Friday, May 02, 2014

American Tribal Law and Culture

The foundational treatise in the field of American tribal law is Felix S. Cohen's Handbook of Federal Indian Law.First published in 1941, [this book] synthesized more than a century and a half of American Indian law. This treatise …played an important role in both the history of federal Indian law and in the evolution of American jurisprudence. ..Felix Cohen’s Handbook brought focus and coherence to [a] confusing welter of sources and, in effect created the field of federal Indian law…

After Cohen’s death in 1953, the treatise was revised by the Department of the Interior in 1958 for openly political purposes: to advance the efforts to terminate the federal government’s relationship with Indian tribes. The 1958 edition stressed the plenary power of the federal government over Indians and Indian tribes and deemphasized tribal sovereignty.
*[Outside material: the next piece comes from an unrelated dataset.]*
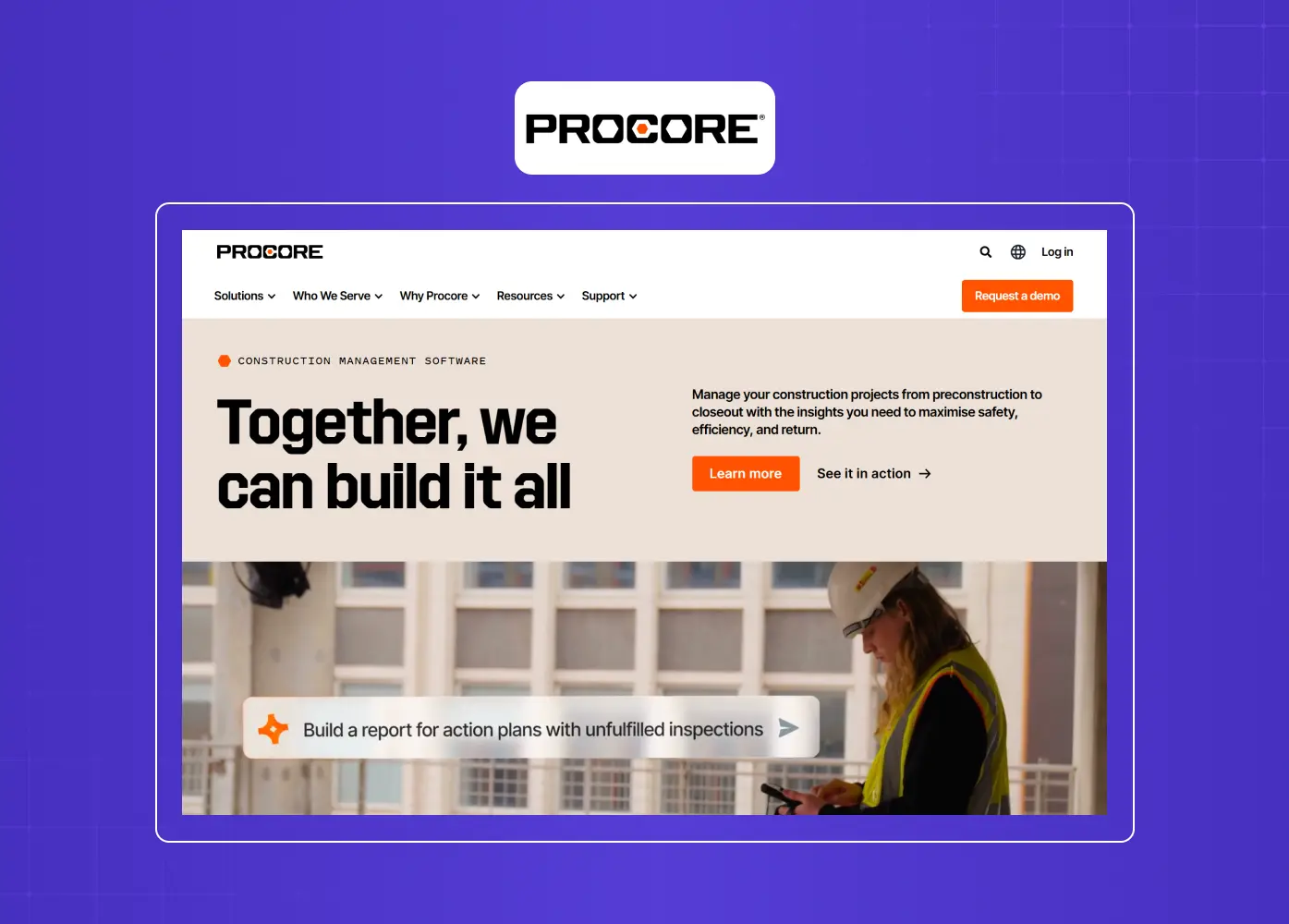 Homepage of Procore showcasing construction management software with bold typography, clear messaging, and industry-focused visuals.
In the Indian Civil Rights Act of 1968, Congress mandated the updating of several important works in federal Indian law, including the Handbook of Federal Indian Law.”* Today, Bethany Berger, Thomas F. Gallivan, Jr. Professor of Real Property Law at UConn School of Law, is co-author and member of the editorial board of Felix S. Cohen's Handbook of Federal Indian Law. The later editions focus on the relationships between tribes, the states and the federal government within the context of civil and criminal jurisdiction, as well as areas of resource management and government structure.

There are 566 federal recognized tribes, “domestic, dependent nations” within the United States, each with powers of self-government that operate within the tribes’ sovereign territories. Tribal Constitutions, some quite contemporary, are available as the electronic appendix to the new book, Structuring Sovereignty: Constitutions of Native Nations.

Faye Hadley, Native American Materials Librarian, University of Tulsa Law Library
Mabee Legal Information Center, has put together the “Native American Legal Research Guide” and a compendium of “Native American Legal Websites”.

For more information, see “Massachusetts Law About American Indians”: http://lawlib.state.ma.us/subject/about/indians.html

Thank you to the staff at the Thomas J. Meskill Law Library at UConn School of Law for hosting  the LLNE/SNELLA Spring 2014 Meeting : http://library.law.uconn.edu/llne-snella-spring-2014/llnesnella-spring-2014-meeting, giving law librarians throughout New England the opportunity to learn more about American Tribal Law and Culture.

*from the Foreward to Cohen’s Handbook of Federal Indian Law, 2005 edition, LexisNexis.